North Korea used to be the country that we used to give little attention to. Sure, the human rights abuses are horrendous and the general state of living is terrible, but there is little we could do about it other than remark to our office co-workers.

But in the last few months, a different conversation about North Korea has come up: the fear that they can hit the U.S. with a nuclear strike. At the start of Trump’s term, American intelligence officials assured him that it would take at least another four years for the North to be able to build a nuclear missile that could hit the continental United States. Six months in, they sped up their assessment, saying it would take another year.

Efforts were made by Trump’s administration to continue the secret cyber sabotage program created by Obama. With these reassurances, it was accepted that there were years to truly worry. On top of that, intelligence officials also said that the North was probably a decade away from developing a more powerful nuclear weapon: the hydrogen bomb.

Yet, here we are in January 2018 with the very real threat of not just a nuclear bomb, but a hydrogen bomb. In September, they successful deployed a hydrogen bomb and created new tensions all over the world.

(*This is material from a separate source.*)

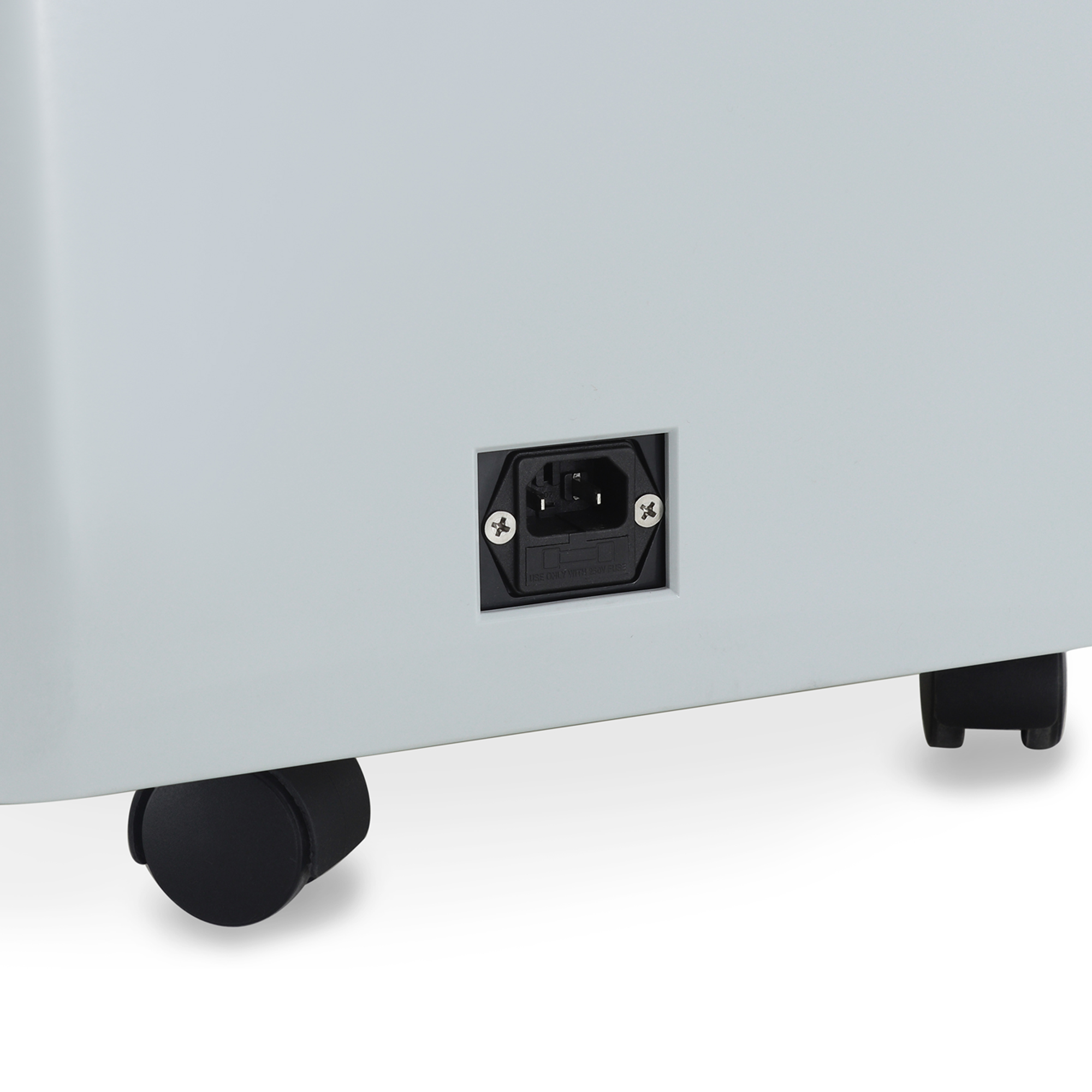 Longfian JAY-10 (2 выхода кислорода) с небулайзером - изображение №15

We knew this moment was coming. We just didn’t know how soon. And the fact that our intelligence agencies didn’t foresee it is one of the biggest mysteries of 2017. This disconnect—paired with the fact that Trump doesn’t listen to intelligence assessments—is the reason why our response has been so weird and varied.

Another reason they made mistakes was because they assumed that North Korea would need about as much time to solve the rocket science as other nations did during the Cold War, underestimating its access to both advanced computer modeling and foreign expertise. They also misjudged Kim Jong-Un, who made the weapons program more of a priority than his father or grandfather did.

Over many years, the North Koreans have challenged Republican and Democrat presidents alike with technological advances, but not something that could kill millions in South Korea and Japan. A beefed-up military presence off North Koreas’ coast, cyber attacks, sabotage of imported parts and simulated bombing runs may have slowed but unfortunately have ultimately failed to stop the country’s nuclear program.

And the shakiness of intelligence on North Korea—even on fundamental questions like how many nuclear weapons Mr. Kim possesses—casts a shadow over Mr. Trump’s options going forward.